Because I am a geologist, I was actually thinking of Pele, the Hawaiian volcano goddess, when I wrote the bolded sentence in the above quotation from Henke (2022b). Nevertheless, frankly, I don’t care about Mr. Lundahl’s efforts in Lundahl (2022L) to divide questionable and unreliable stories into “divine myths” and “heroic legends.” Unless Mr. Lundahl actually has archeological or other external evidence that demonstrates that any of the ancient characters mentioned in Lundahl (2022L) actually lived, he just might as well be dividing Superman, Mickey Mouse and Daffy Duck into his categories.
Total miscomprehension of genre. Iliad, Odyssey, Greek Tragedy cannot be compared to novel writing. Including that of the graphic novels known as comics.
It’s good that Mr. Lundahl does not believe that the god Mars exists or that anything supernatural happened to Francisco Franco when he was in battle. We certainly have good historical evidence that Spanish general and dictator Francisco Franco lived. Sometimes soldiers fortunately escape being wounded or killed in battle. That’s not unusual. My dad fortunately was never harmed by the V1 and V2 rockets that exploded around him during WWII. However, just because Franco lived, that does not mean that we should automatically believe every story about him, no matter how realistic it sounds or how well it might fit into one of Mr. Lundahl’s “historical” categories. Sometimes heroic war stories are just made up. Nevertheless, what does the reality of Franco have to do with the Achilles’ story? Where’s the evidence that Achilles actually lived?
The point with Franco is, Arabs said there was a supernatural reason why he - admittedly historical - was not wounded.

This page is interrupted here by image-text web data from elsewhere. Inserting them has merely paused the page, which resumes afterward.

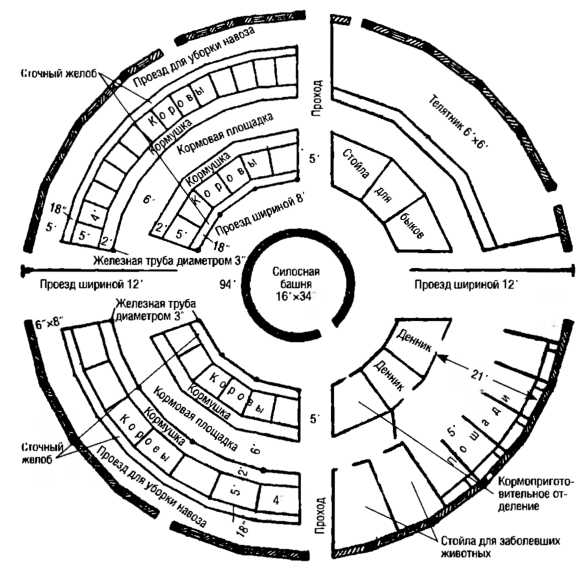 Малая механизация. Ролф Кобли. Иллюстрация 194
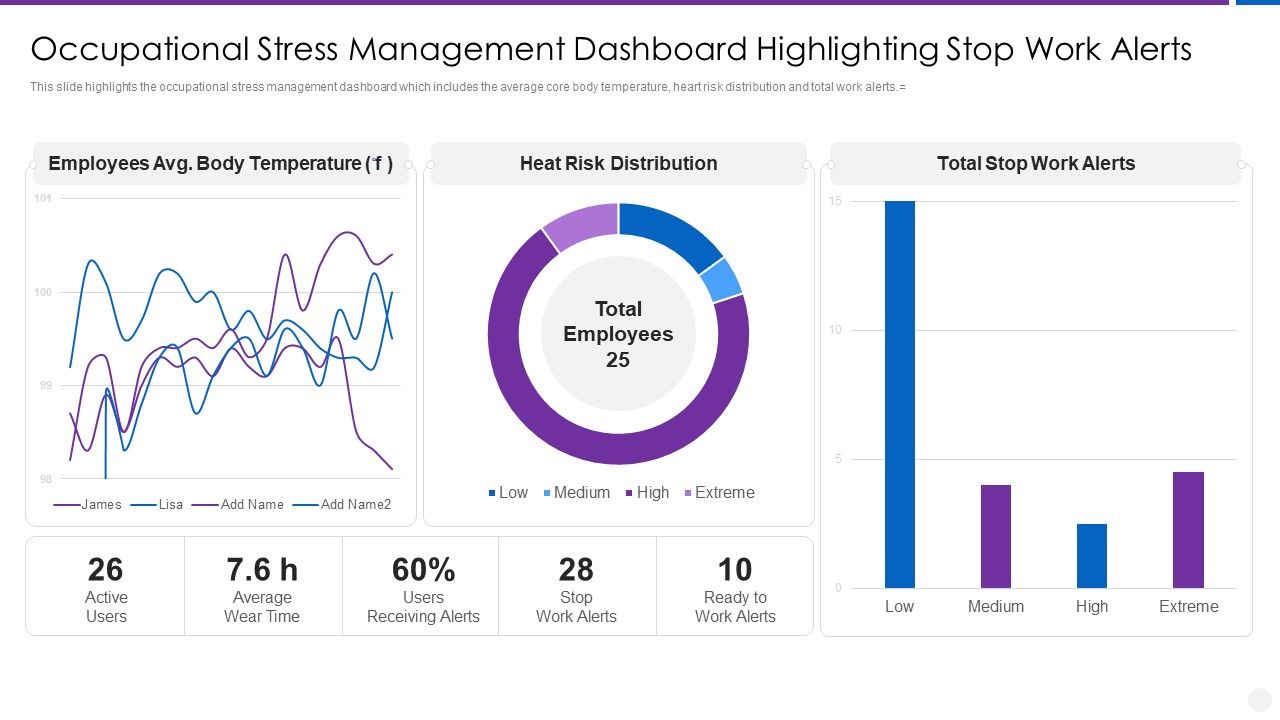 Organization_Stress_Administration_Practices_Occupational_Stress_Management_Dashboard_Highlighting_Graphics_PDF_Slide_1.jpg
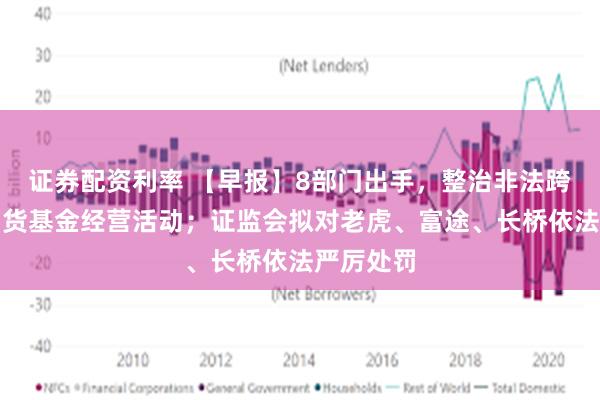 证券配资利率 【早报】8部门出手，整治非法跨境证券期货基金经营活动；证监会拟对老虎、富途、长桥依法严厉处罚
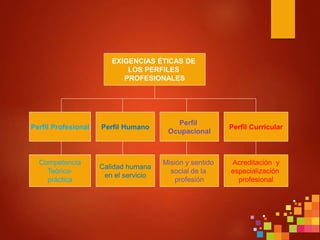 EXIGENCIAS ÉTICAS DE
LOS PERFILES
PROFESIONALES
Perfil Profesional Perfil Humano
Perfil
Ocupacional
Perfil Curricular
Competencia
Teórico-
práctica
Calidad humana
en el servicio
Misión y sentido
social de la
profesión
Acreditación y
especialización
profesional
 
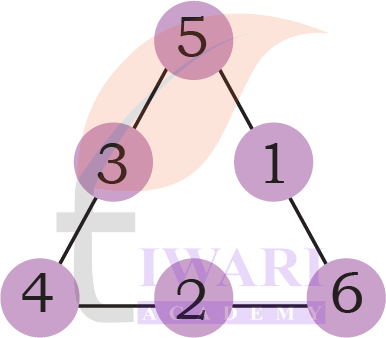 Quick mental maths strategies solution Class 4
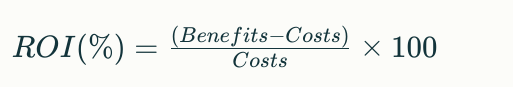 Image of the formula for ROI percentage: (Benefits minus Costs) divided by Costs, multiplied by 100, illustrating how business optimization and a virtual assistant can enhance ROI by boosting productivity.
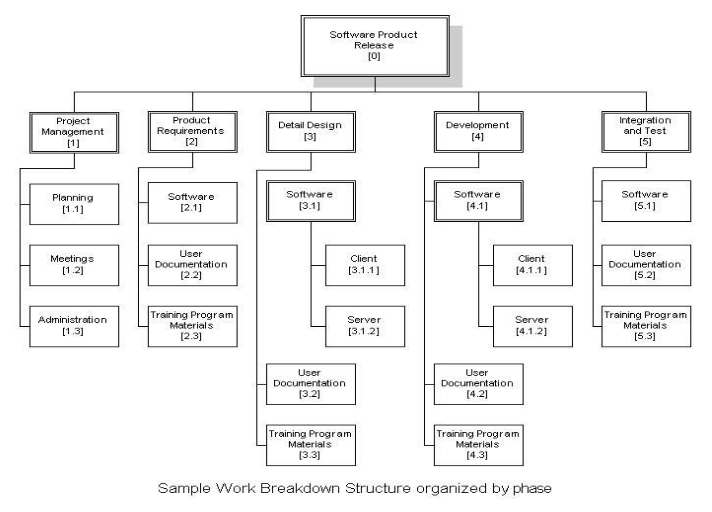 Esempio di WBS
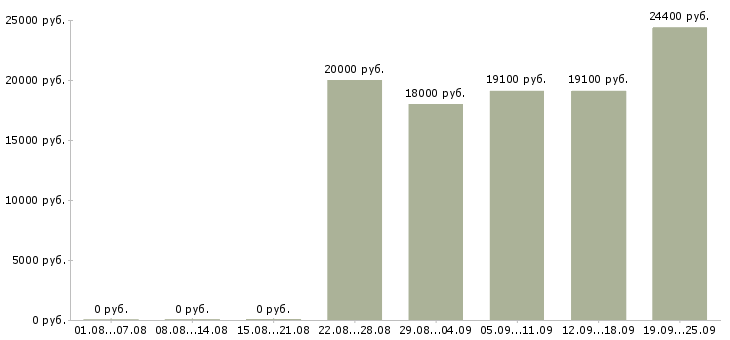 Вакансии продавец кассир магазина Нижний новгород - Медиана зарплат продавец кассир магазина Нижний новгород за 2 месяца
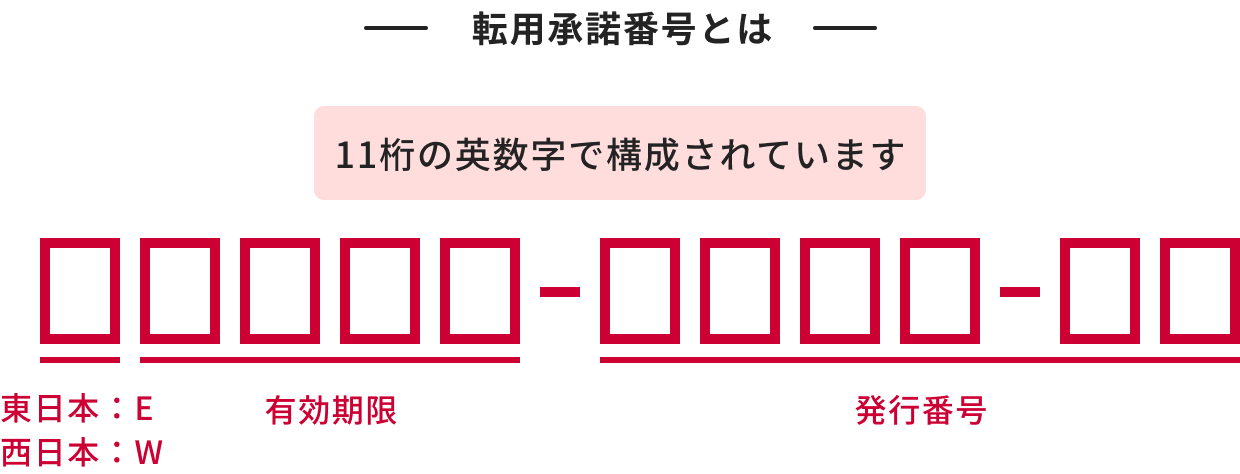 STEP4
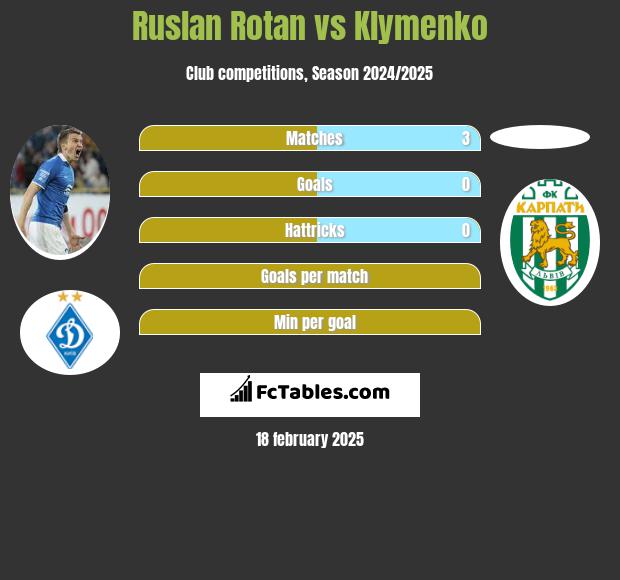 Rusłan Rotan vs Klymenko h2h player stats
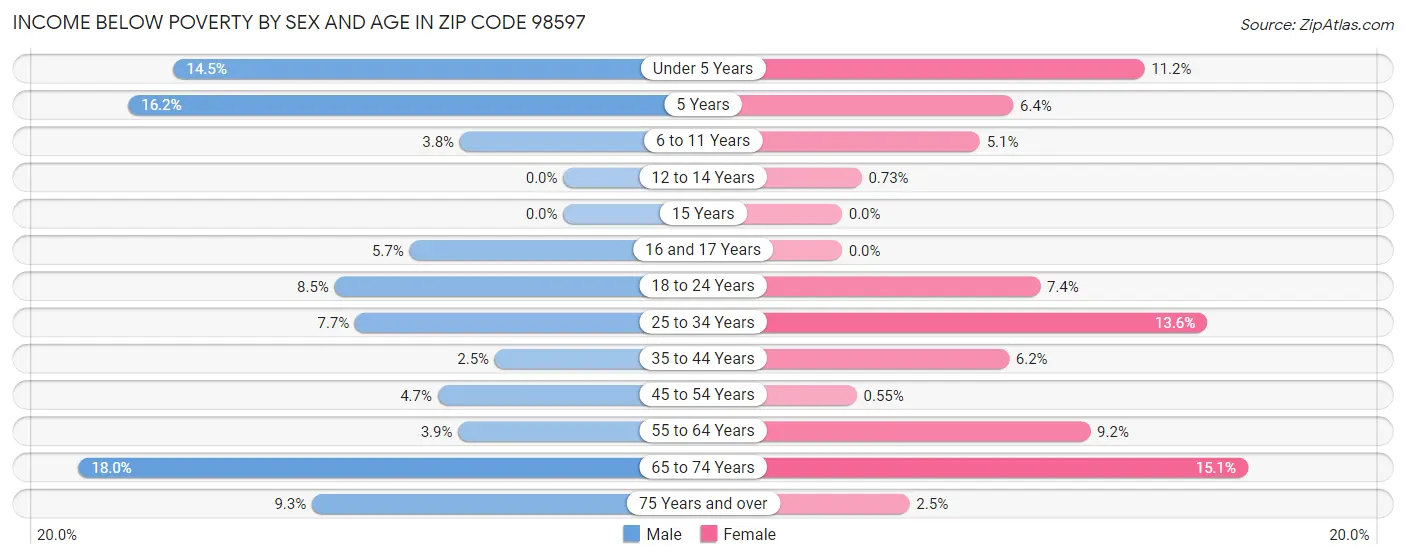 Income Below Poverty by Sex and Age in Zip Code 98597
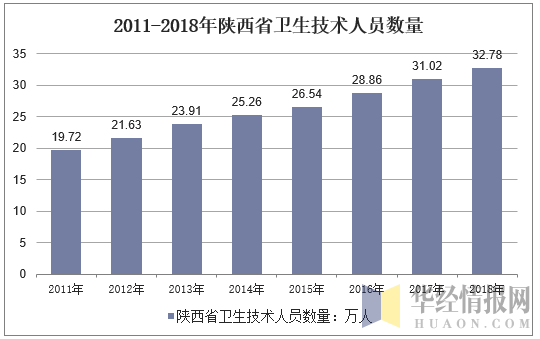 2011-2018年陕西省卫生技术人员数量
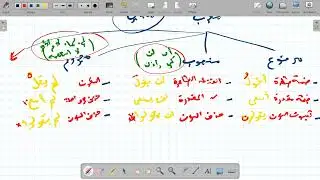الدرس04: بناء الفعل المضارع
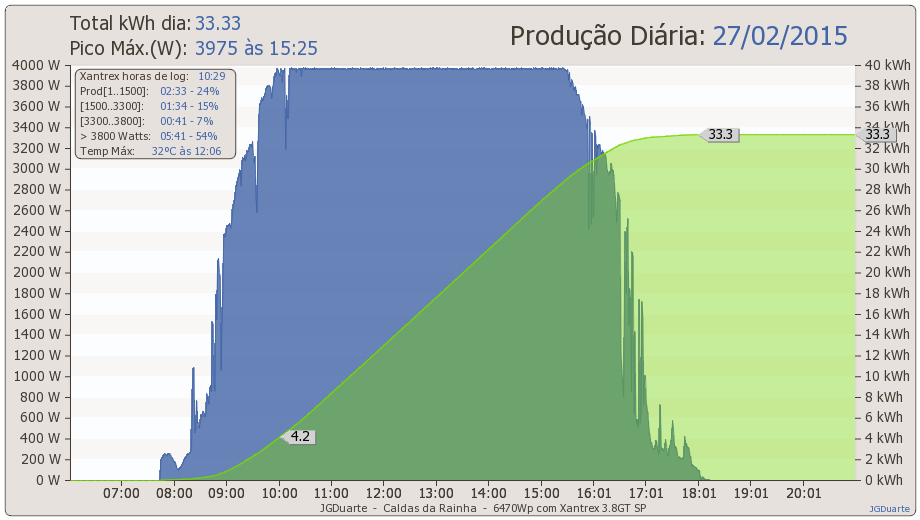 dia27-02-2015.png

The point with Achilles is, I have no problem believing that:
- he lived
- the supernatural reason of dipping into Styx was a bogus to fan fic expansion of a story like the bogus story of Rif Arabs about Franco.
And the point with Henke is, a normal reader, not put off by rambling, would have had no trouble getting that point. But Henke is a very specific and limited type of reader, one allergic to rambling. Too bad for him he encountered me.
Although it’s certainly possible that someone named Romulus actually lived and was involved in starting Rome, we need to be skeptical of his existence until evidence comes forward to demonstrate that he was not a myth. We also need to carefully separate any possible historical evidence for Romulus from any myths about him.
The point is that the "myth" as given in Livy is the historical evidence.
The parts involving Mars being, obviously, a misunderstanding of the events on some level. Like the Arabs' misunderstanding of Franco or the Achaeans' or Trojans' of Achilles.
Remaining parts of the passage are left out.